O relator acrescenta ainda que “a mencionada exoneração do recorrido, ainda faltando onze meses para as Eleições 2022, ganha relevância no contexto da fraude à lei”. Isso porque membros do Ministério Público apenas precisam se afastar do cargo faltando seis meses para o pleito. O voto do relator foi seguido de forma unânime pelos outros integrantes do TSE.

Esse dispositivo sobre a inelegibilidade de integrantes do Ministério Públicos foi incluída na Lei da Ficha Limpa em uma atualização feita em 2010. A emenda é de autoria do atual ministro da Justiça, Flávio Dino, e foi apresentada em 2009, quando ele era deputado. Na justificativa, ele argumentou que a hipótese que considera o pedido de exoneração “é prevista para evitar que pedido de exoneração ou de aposentadoria voluntária seja realizado para afastar eventual inelegibilidade de membro do MP, o que seria verdadeira burla ao espírito deste Projeto de Lei Complementar”.

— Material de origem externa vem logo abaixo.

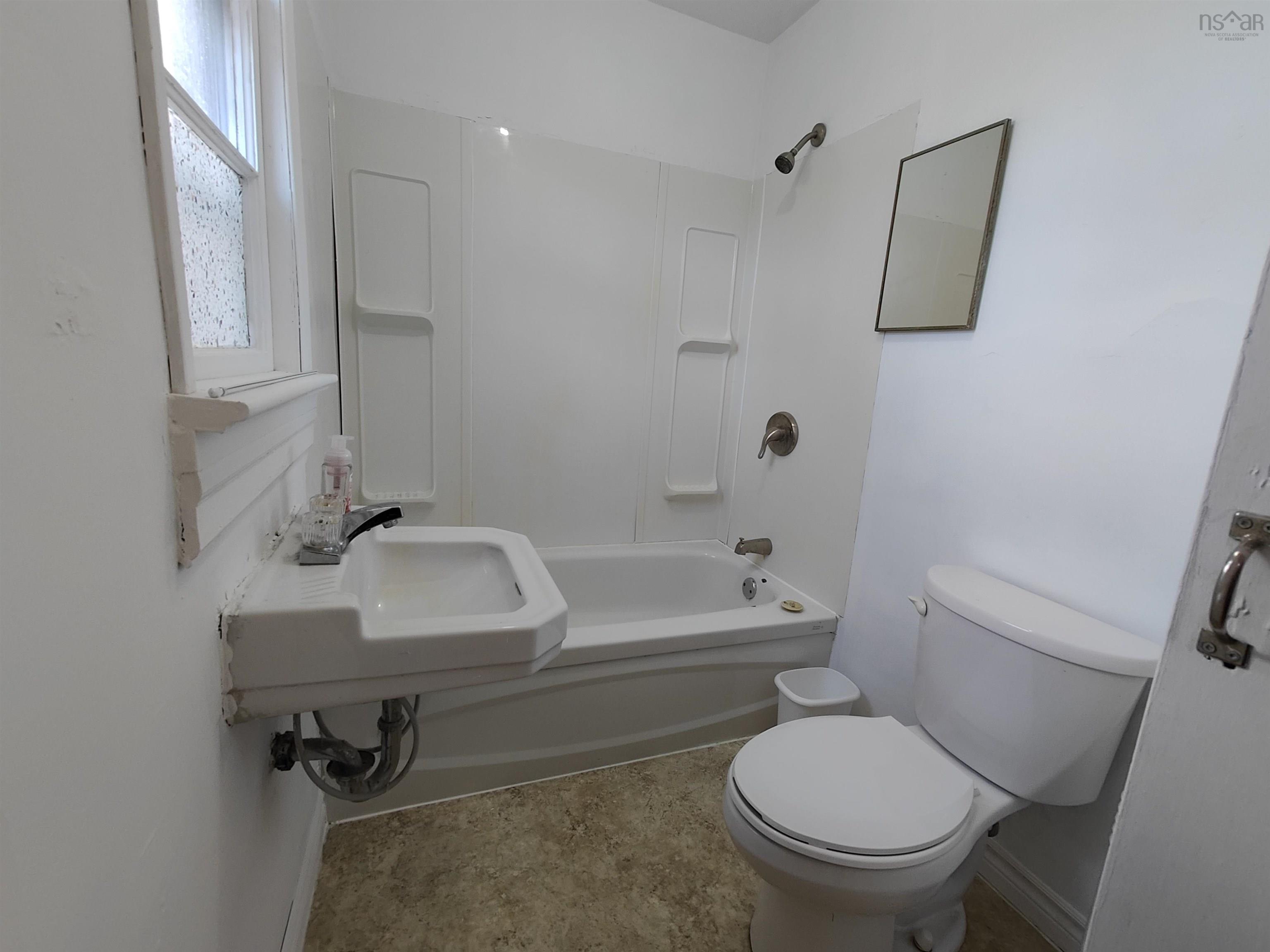 $149,000.00: 28 Strathcona Street, Westmount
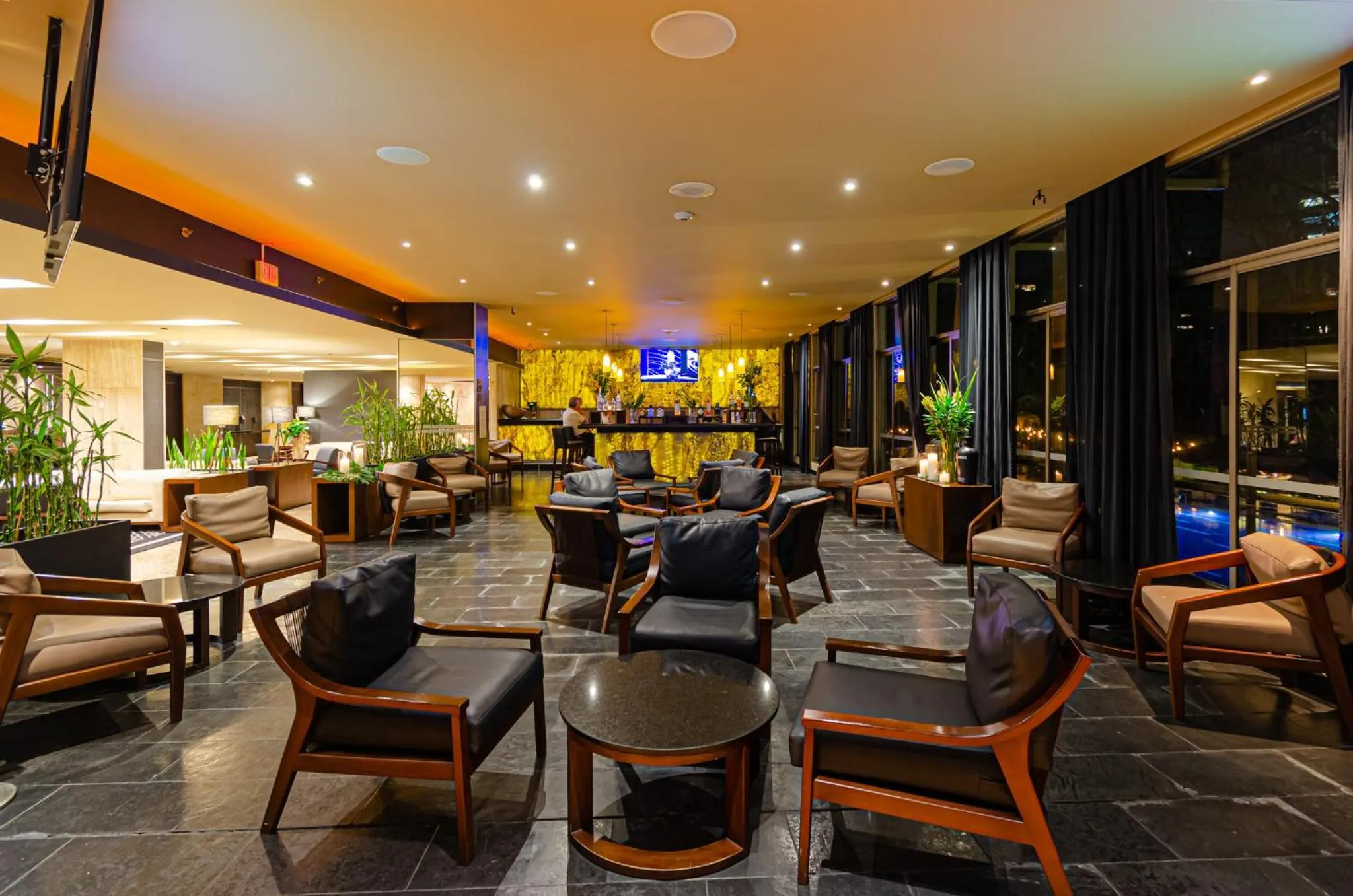 Lounge or bar in InterContinental Medellin - Movich by IHG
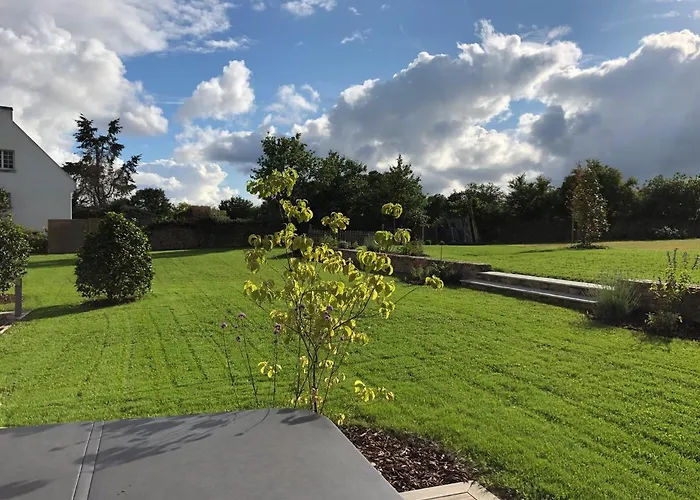 Chateau De La Garnison Bed and breakfast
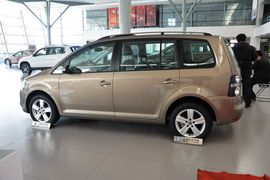 2015款大众途安1.4T手动舒适版5座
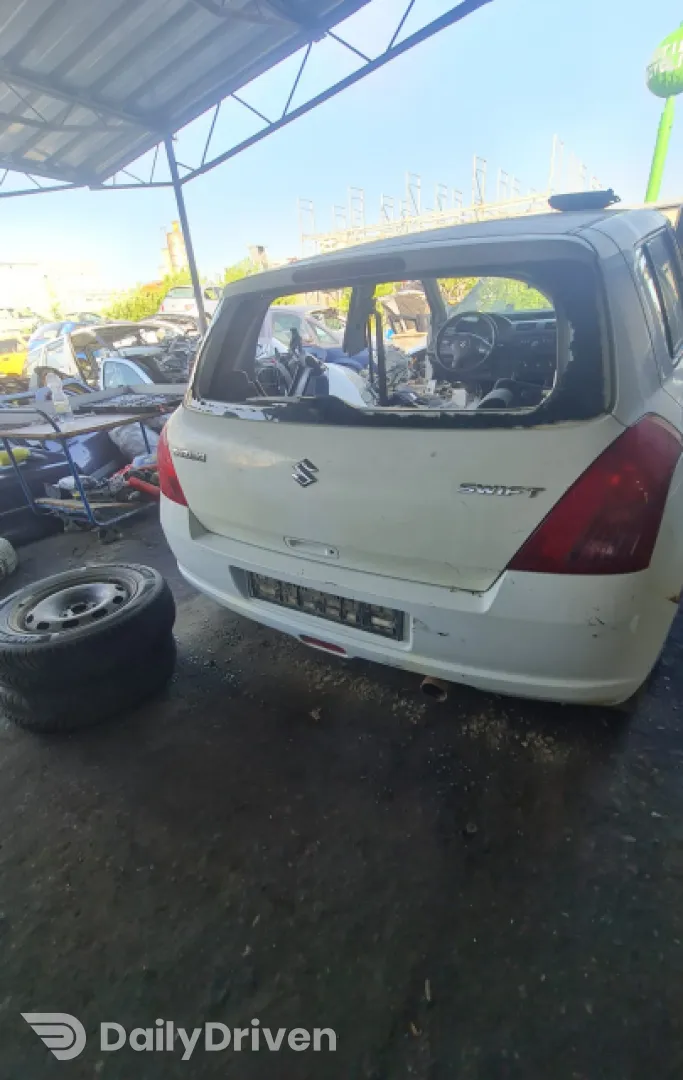 Dezmembram Suzuki Swift 3 [2004 - 2010] Hatchback 5-usi 1.3 MT (92 hp)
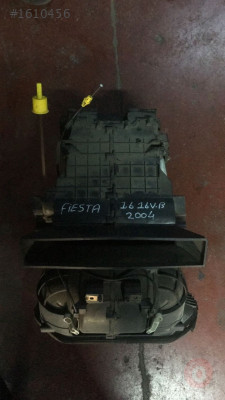 FORD FİESTA 1.6  ÇIKMA ORJİNAL KALORİFER KAZANI
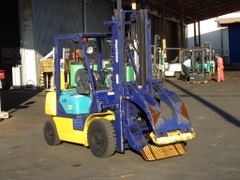 Xe nâng xăng Komatsu FG20C-12 số sàn, kẹp tròn. Xe đẹp, giá rẻ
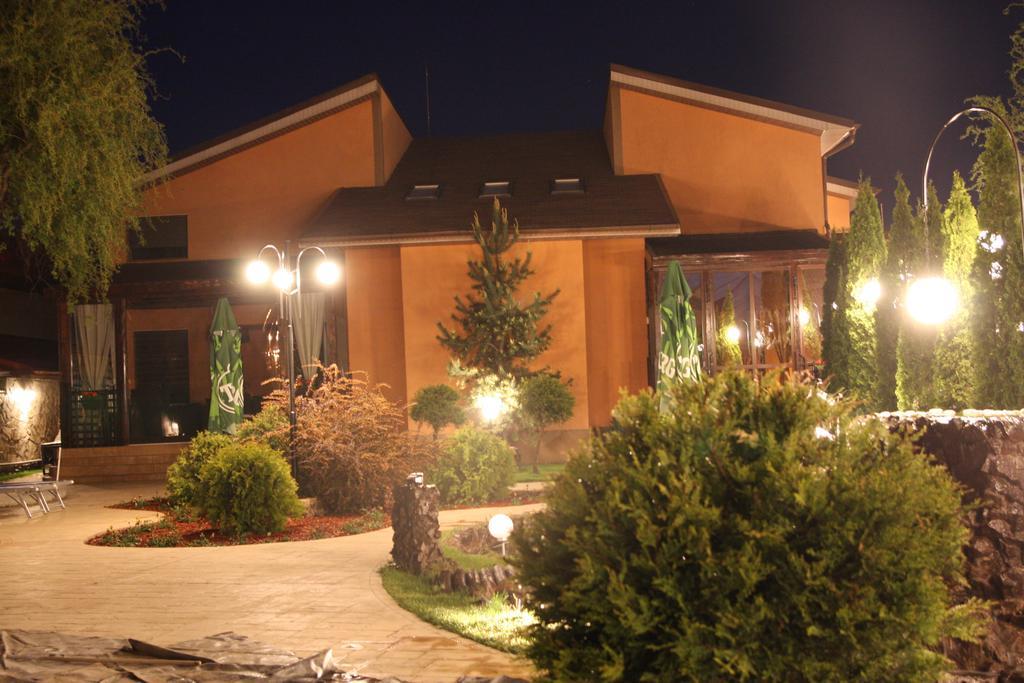 Rixo'S Guesthouse Cîrcea Dış mekan fotoğraf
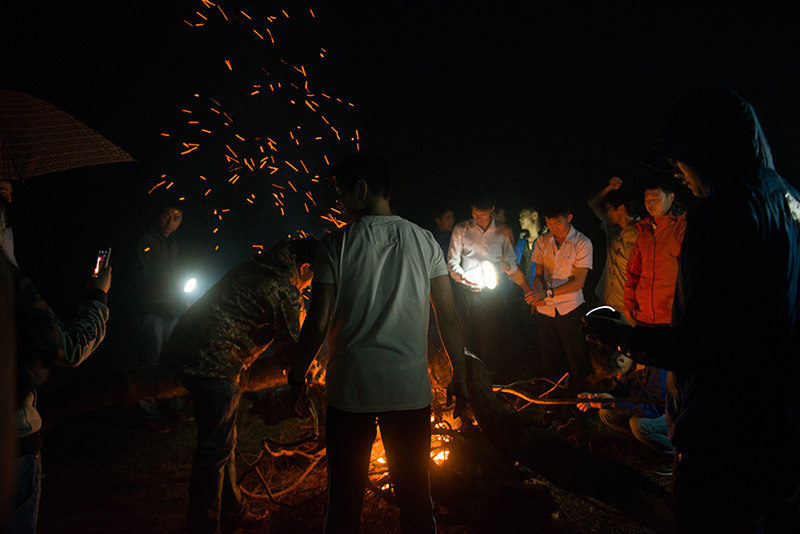 Fire In The Wild Πρέπει να κυριαρχήσετε την κοινή λογική και τα βασικά σημεία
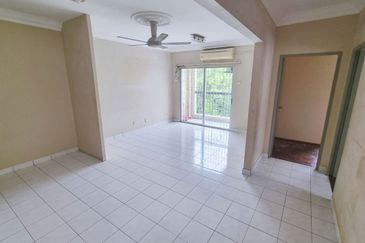 Pangsapuri Kristal (Crystal Tower), Taman Bukit Indah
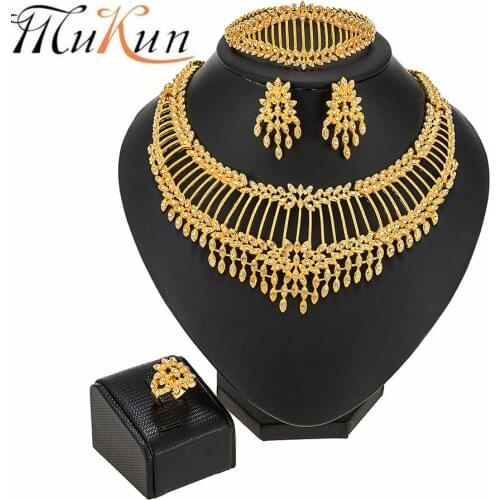 Classic Dubai Gold Color Jewelry Sets Crystal Necklace Bracelet Charm Women Earrings Ring Party Fashion Jewelry Set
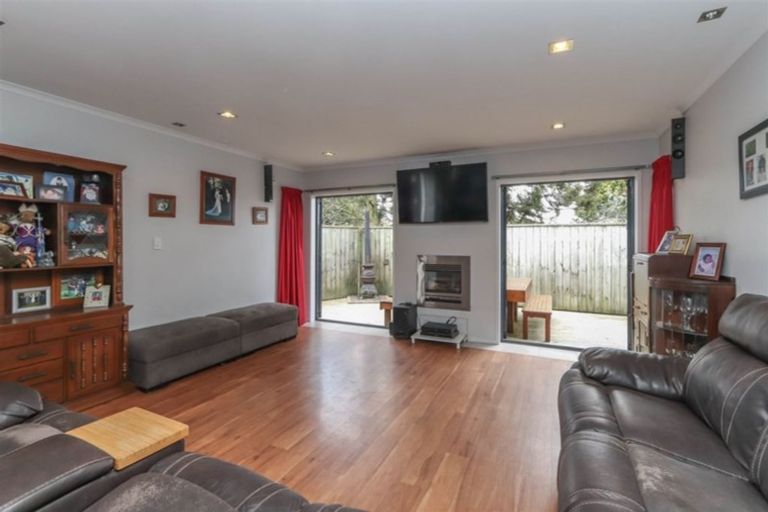 Photo of property in 27b Miro Street, Inglewood, 4330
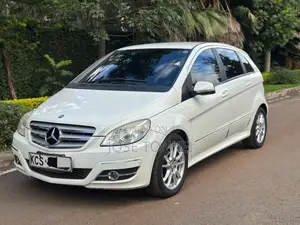 Mercedes-Benz B-Class B180 Petrol 2011 White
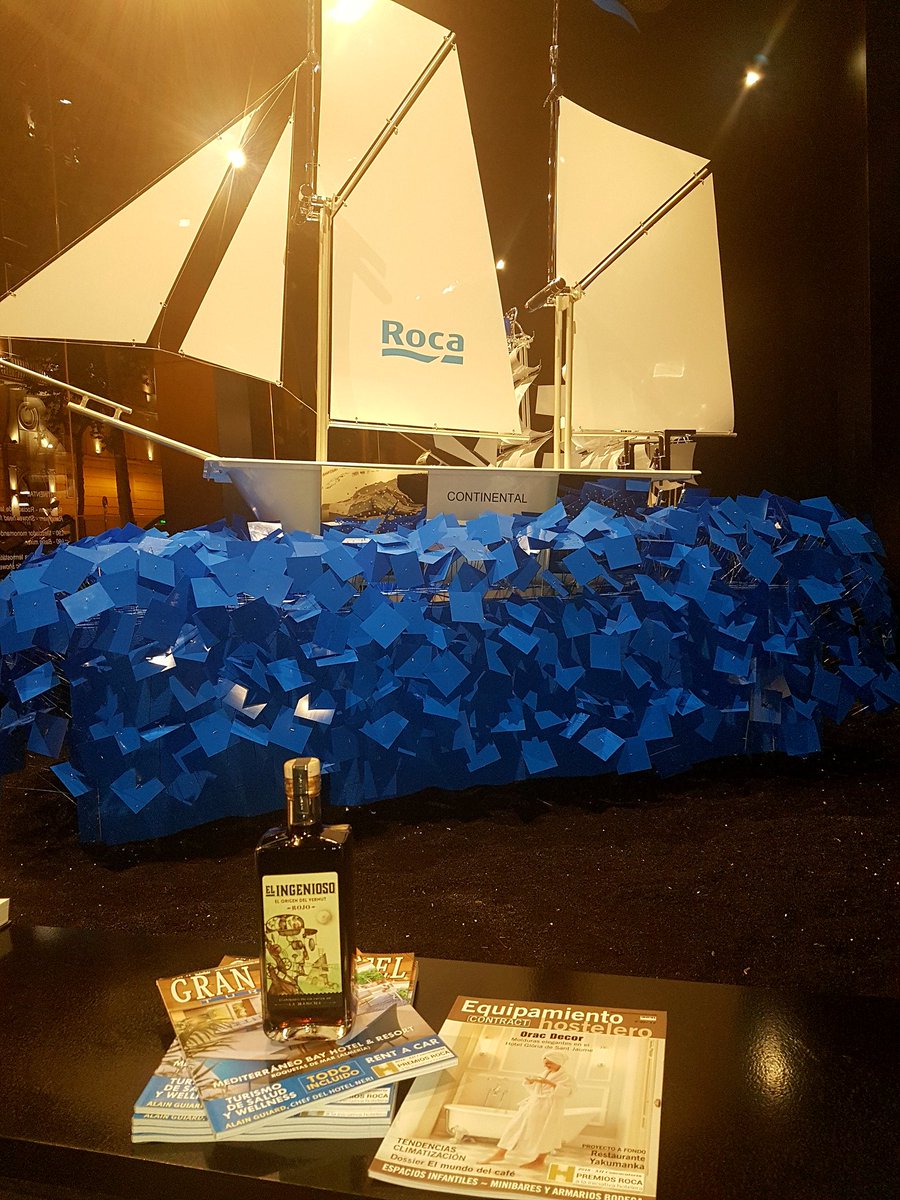 vermutingenioso's tweet photo. @vermutingenioso en los #premiosroca a la iniciativa hotelera. Enhorabuena a los ganadores y nominados! Gracias  @EHContract @revistgranhotel @RocaGallery https://t.co/6dRR4BClKS
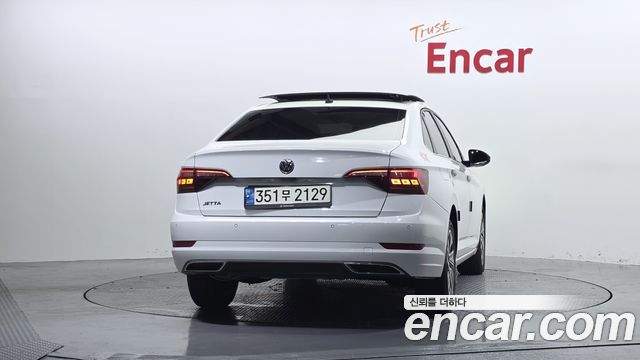 Volkswagen Jetta 2020 — photo 4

Dallagnol pode recorrer tanto no TSE, via embargos de declaração, quanto no Supremo Tribunal Federal (STF), porém sem mandato. A decisão de cassação foi cumprida de forma imediata. Os mais de 344 mil votos concedidos ao ex-procurador serão computados em favor do Podemos, legenda pela qual ele concorreu às eleições.

Registro de Dallagnol havia sido aceito pelo TRE-PR

O Tribunal Regional Eleitoral do Paraná (TRE-PR) anteriormente havia julgado improcedentes as impugnações e deferido o pedido de registro de candidatura de Deltan Dallagnol.

Para o TRE-PR, a exoneração voluntária de Dallagnol não atrapalhou a continuidade da investigação probatória e a conversão dos expedientes em procedimentos administrativos disciplinares, pois a reclamação disciplinar, a sindicância e o pedido de providências podem, ou não, gerar a instauração do processo disciplinar, a depender das circunstâncias do caso concreto.

O acórdão aponta também que entendimento diverso implicaria “verdadeira interpretação ampliativa da norma de caráter restritivo, o que é vedado pelo ordenamento jurídico”. Para os julgadores do tribunal de origem, o juízo de valor a ser exercido pela Justiça Eleitoral é tão somente avaliar, objetivamente, se havia processo administrativo disciplinar em andamento, quando efetuado o pedido de exoneração pelo membro do MP. Também não cabe à Justiça Eleitoral analisar, subjetivamente, suposta intenção acobertada pelo pedido de exoneração formulado pelo candidato impugnado.